- _Exercise description_
Everything below from the line with "troublewithme0's tweet photo." through the line with "#Stiefel #findom https://t.co/7Jtyuoviao" must be retyped exactly, except the pictures.

- _Data to process_
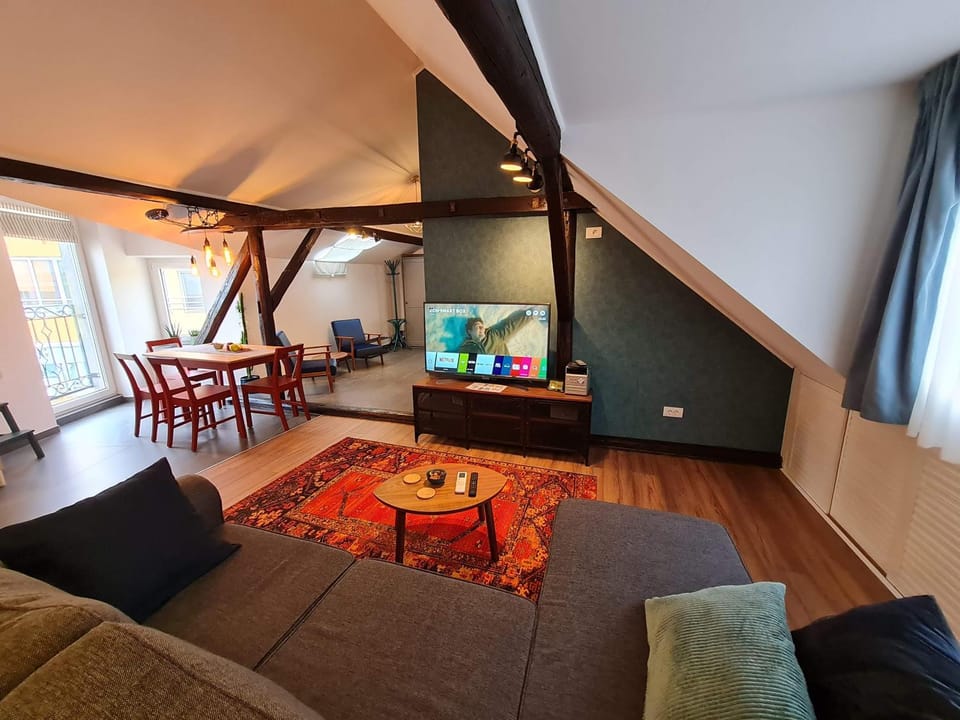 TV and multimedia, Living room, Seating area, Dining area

---

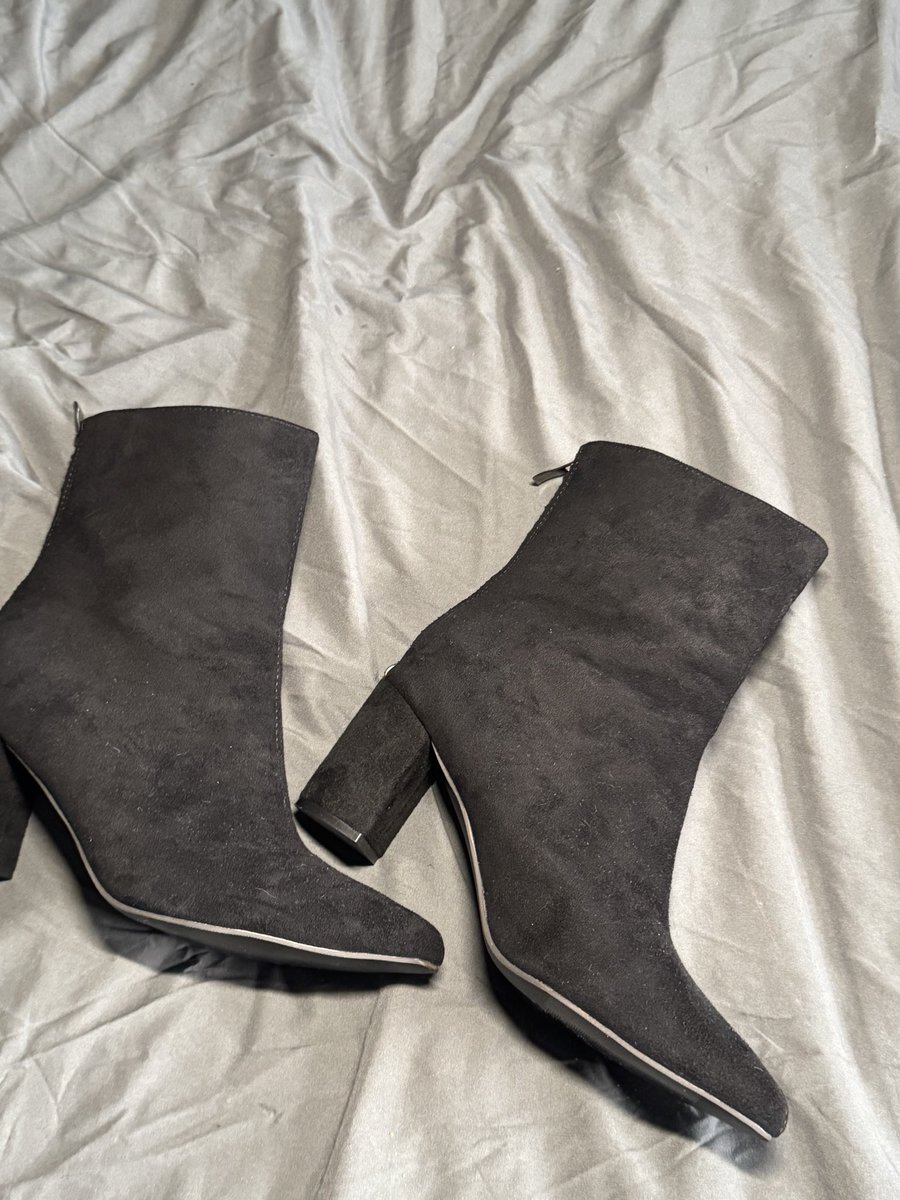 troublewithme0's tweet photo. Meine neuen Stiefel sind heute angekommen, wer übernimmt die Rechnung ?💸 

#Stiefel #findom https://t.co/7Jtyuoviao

- _Response below_
 troublewithme0's tweet photo. Meine neuen Stiefel sind heute angekommen, wer übernimmt die Rechnung ?💸 

#Stiefel #findom https://t.co/7Jtyuoviao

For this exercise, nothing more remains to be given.